April 16, 2015 / 12:37 PM / 2 years ago

U.S. housing starts data underperforms; jobless claims rise

Job seekers browse tables at a veterans' job fair in Burbank, Los Angeles, California March 19, 2015.Lucy Nicholson

WASHINGTON (Reuters) - U.S. housing starts rose far less than expected in March and factory activity in the mid-Atlantic region grew modestly this month, suggesting the economy could struggle to rebound from a soft patch hit in the first quarter.

The economy stumbled at the start of the year under the weight of a harsh winter, a resurgent dollar, weaker global growth and a now-resolved labor dispute at the West Coast ports.

There are expectations growth will rebound in the second quarter, but Thursday's lukewarm data suggest the momentum will probably not be strong enough for the Federal Reserve to start raising interest rates before September.

"The economy's tepid recovery in March makes it very unlikely the Fed signals a June rate hike at the April meeting," said Steve Blitz, chief economist at ITG Investment Research in New York. "If housing doesn't recover enough this spring, a September rate hike likely becomes equally improbable."

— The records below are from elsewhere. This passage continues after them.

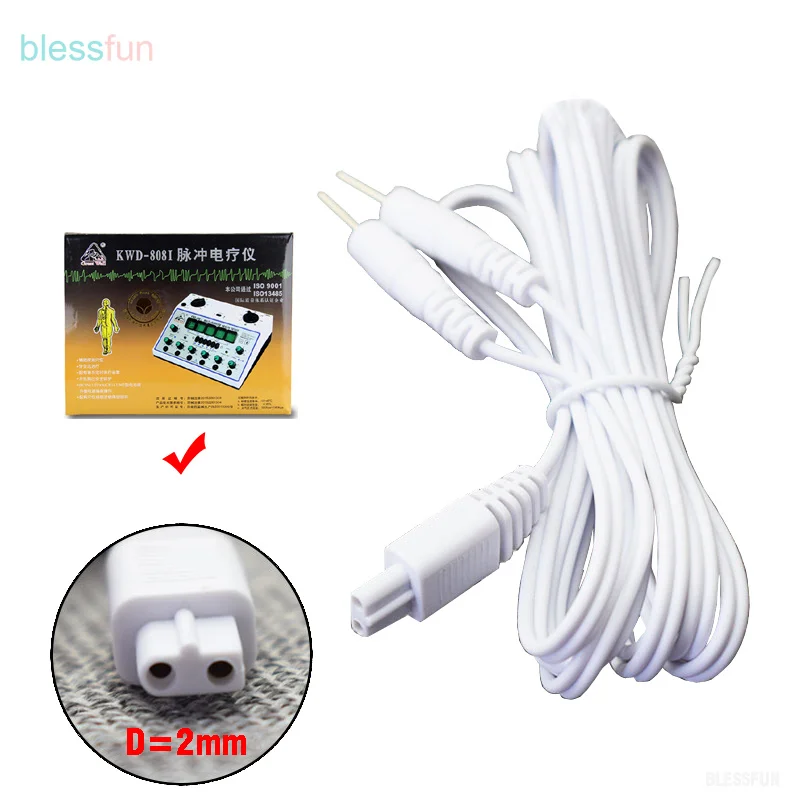 12Pcs/lot Electrode Pads Therapy Connect Cable Parts for Great Wall KWD-808I Kwd808-I Nerve Muscle Stimulator Machine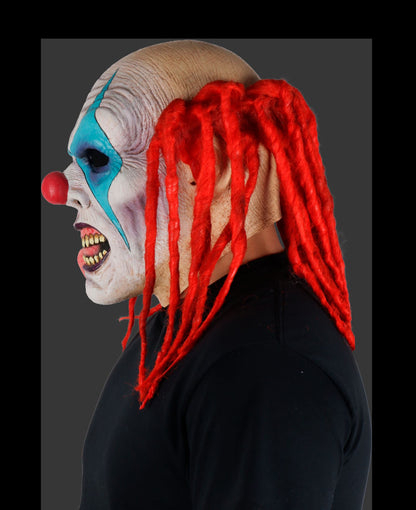 Máscara Matar Payasos Loco Ghoulish - Disfraz de Latex, Kanekalon Afro para Halloween y Día de Muertos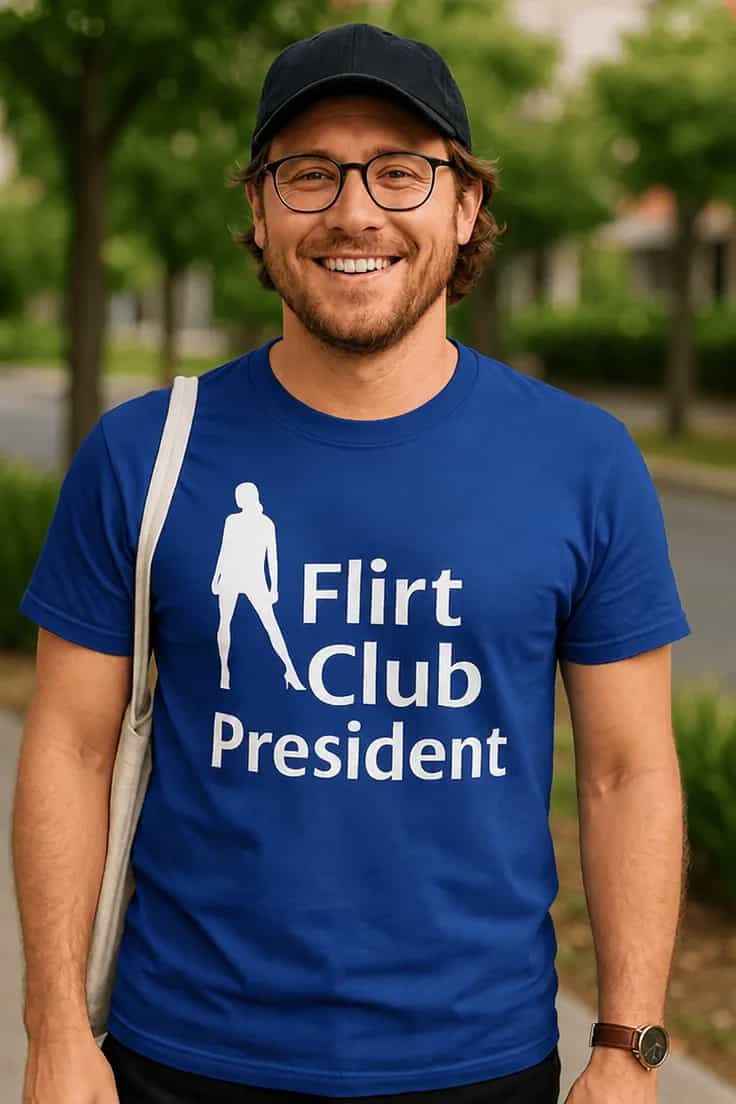 Tricou amuzant Președinte club flirt - Flirt Club President
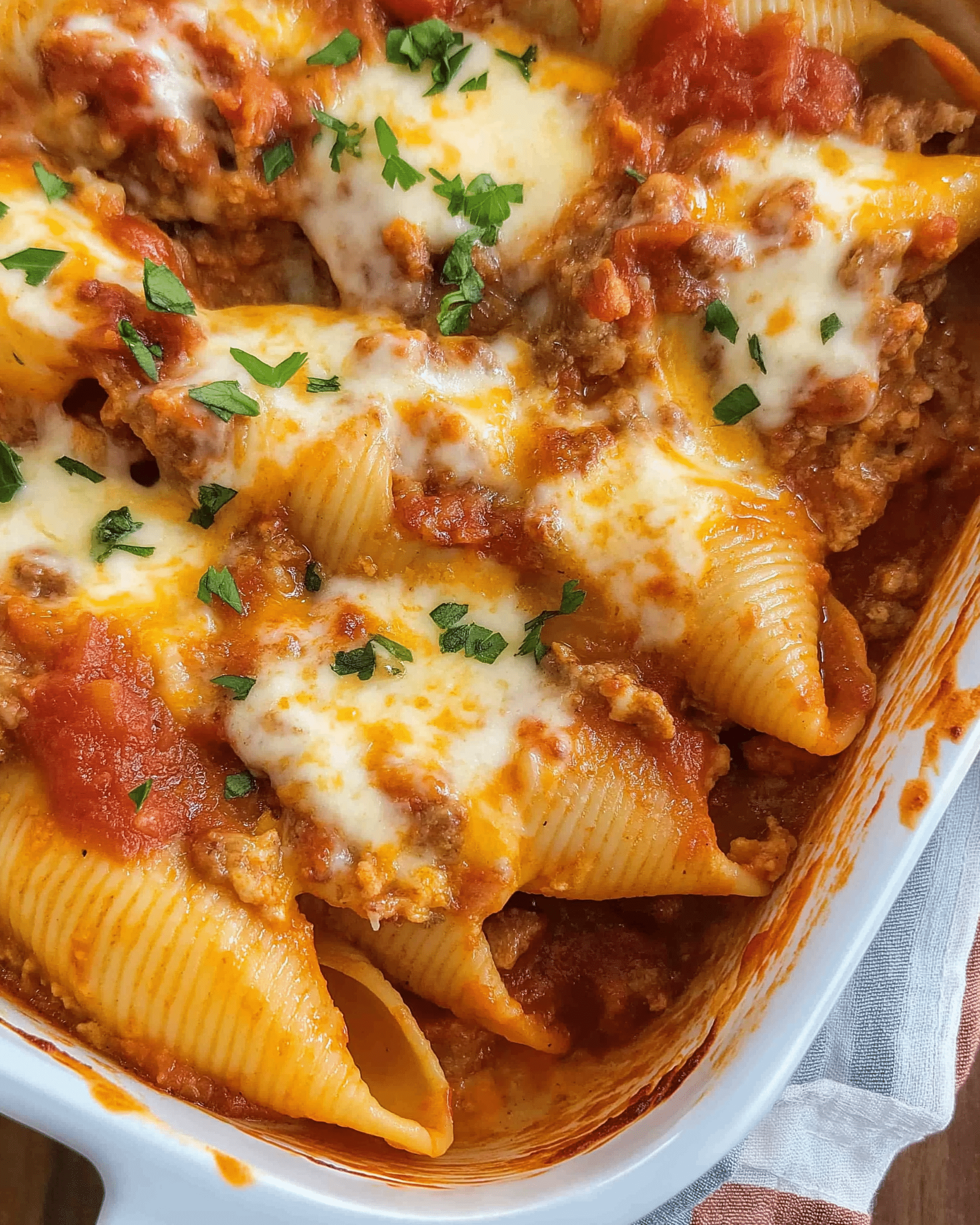 Cheese Stuffed Shells With Sausage Tomato Cream Sauce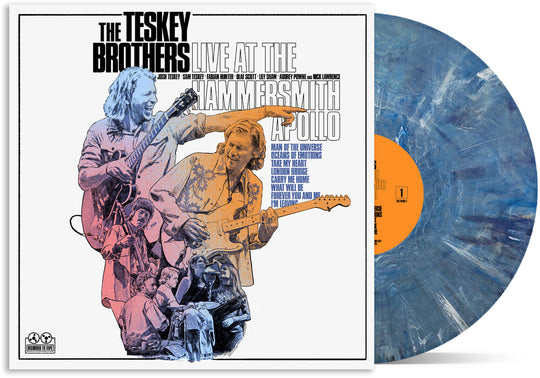the album cover for The Teskey Brothers - Live At The Hammersmith Apollo [LP Huron Blue]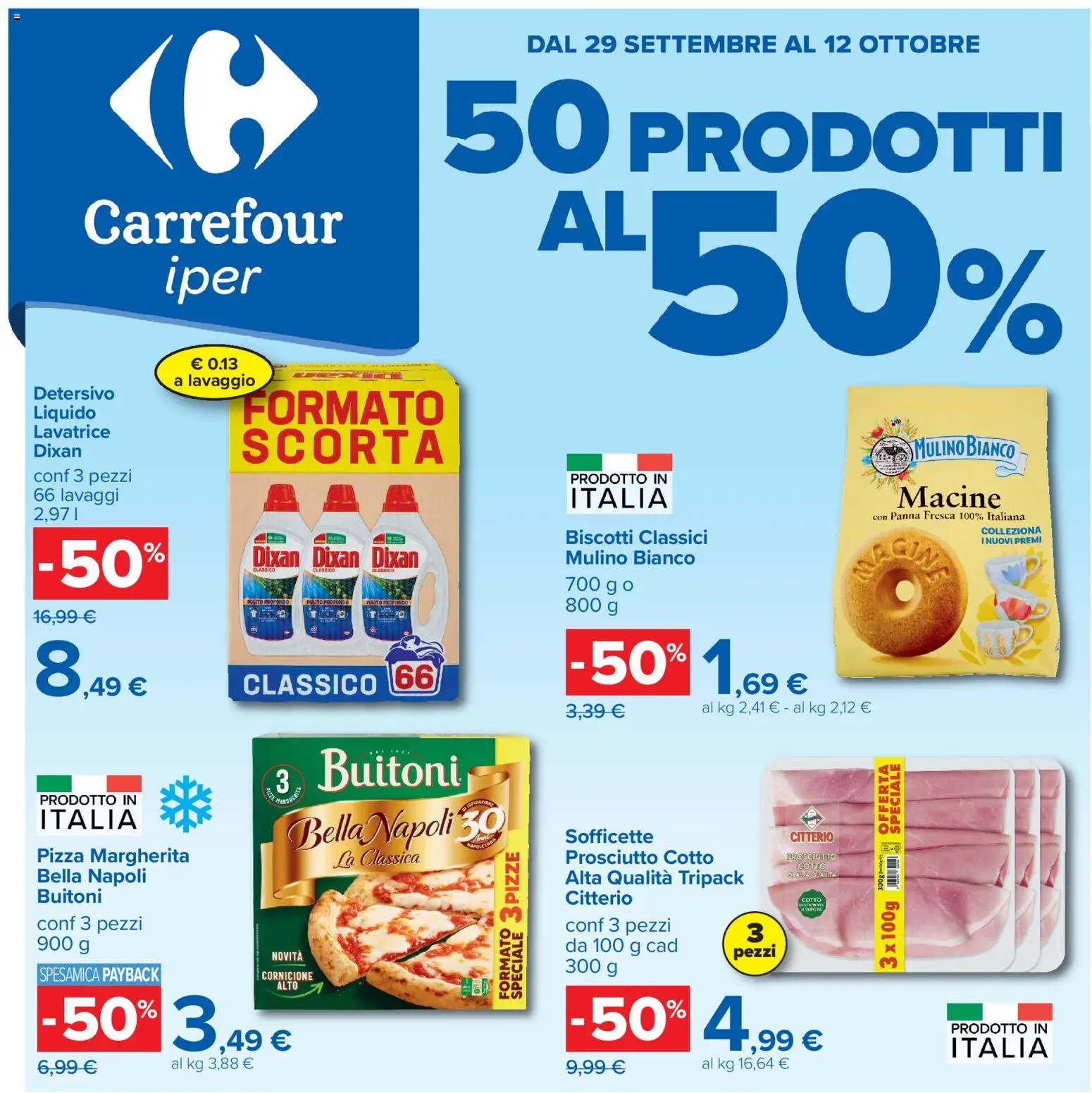 Volantino Carrefour del 29/09/2026 | Pagina: 1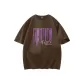 [220G Heavyweight 100% cotton]Coffee (Tf Purple Fluid)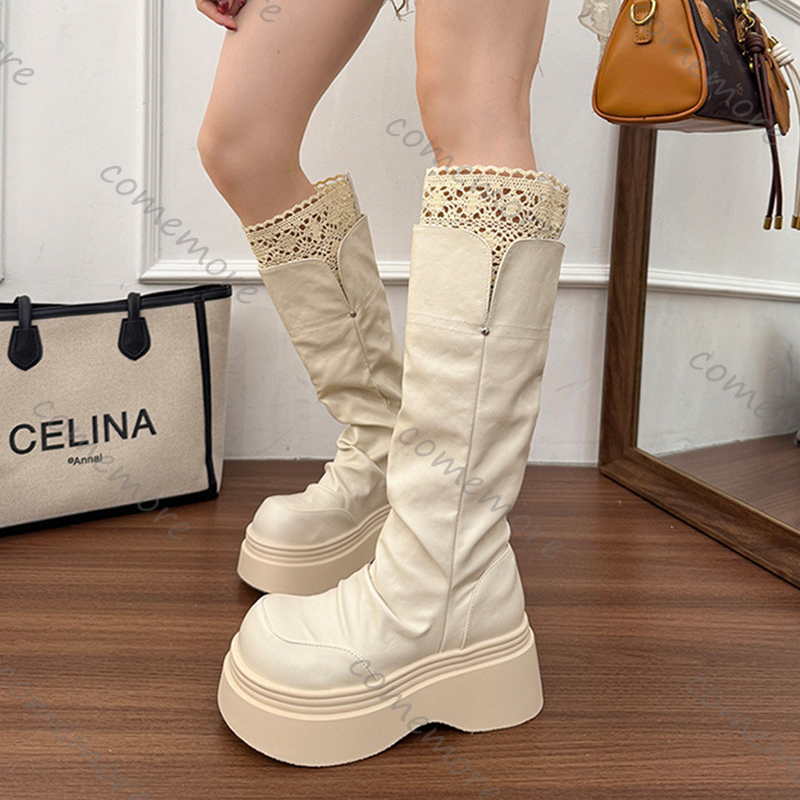 Comemore Gothic Lace Platform  - đánh giá và giá Vintage Style Women Fashion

Groundbreaking increased 2.0 percent to a seasonally adjusted annual pace of 926,000 units, the Commerce Department said. That left the bulk of February's decline, which had been blamed on bad weather, intact.

While starts for single-family homes rose, the gains made only a small dent into the prior two months' losses. Groundbreaking for the multifamily segment fell.

Economists had forecast groundbreaking rising to a 1.04 million-unit pace in March.

In a separate report, the Philadelphia Federal Reserve Bank said its business activity index rose to 7.5 this month from 5.0 in March. A measure of orders for manufactured goods fell to its lowest level since May 2013, while shipments remained in contraction territory despite some improvement.

A report on Wednesday showed soft factory activity in New York state in April.

"Combined, the April reports are not signaling that manufacturing activity is picking up significantly following the weak first quarter," said Daniel Silver, an economist at JPMorgan in New York.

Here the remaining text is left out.